Question: Inverse normal transformation
0
rednalf70 wrote:

My phenotype is not normally distributed. I tried several transformations but none of them seems to improve the normality. I am now interested in an inverse normal transformation using R.

Is something like the following correct, x being my phenotype?

``````qx <- qnorm((rank(x)-0.5)/sum(x))
``````

It is based on this paper:

Yang, Jian, et al. "FTO genotype is associated with phenotypic variability of body mass index." Nature 490.7419 (2012): 267.

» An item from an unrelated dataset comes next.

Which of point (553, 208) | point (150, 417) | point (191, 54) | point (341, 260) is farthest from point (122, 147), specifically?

Histogram before transformation available here: https://imgur.com/a/BwednJB

• min: 10
• max: 750
• median: 54.75
• mean: 86.18217
• variance: 8428.881
• standard deviation: 91.80894
modified 2.4 years ago • written 2.4 years ago by rednalf70

Please show a histogram of your phenotype before any transformation. Also provide min, max, median, mean, variance, and standard deviation.

Thank you for your comment - the information has been added to the initial post.

1

I see - thanks so much. So it's currently a negative binomial or Poisson-like distribution, akin to how RNA-seq count data is measured and normalised. Have you considered a variance stabilising transformation?; or regularised log (like in DESeq2)? You could also just fit the model as a negative binomial using glm.nb

Thank you. I have considered log, square root, cube root and Johnson transformation for now. I will have a look at DESeq2. What do you think about the inverse normal transformation and the script based on Yang et al.'s paper?

From where did you find that formula? - I looked in the paper an they mentioned that they tried un-transformed, logged, and then inverse normal transformed. I could not see a formula, though.

I found it in the Supplementary Information, page 18 (https://media.nature.com/original/nature-assets/nature/journal/v490/n7419/extref/nature11401-s1.pdf)

3
Kevin Blighe65k wrote:

Okay, yes, here is the page: Note that they are not transforming the original variable. What they do is the following (for height and weight):

1. build a linear regression model `lm(height ~ age + age^2)`
2. extract residuals from model with `residuals()`
3. transform residuals by inverse norm function ```y <‐ qnorm((rank(x, na.last="keep") ‐ 0.5) / sum(!is.na(x))```

The transformed residuals (squared) are then used in your association test, as follows:

``````glm(y^2 ~ SNP)
``````

Does that help?

Kevin

Yes a lot, thank you very much for your (fast) help!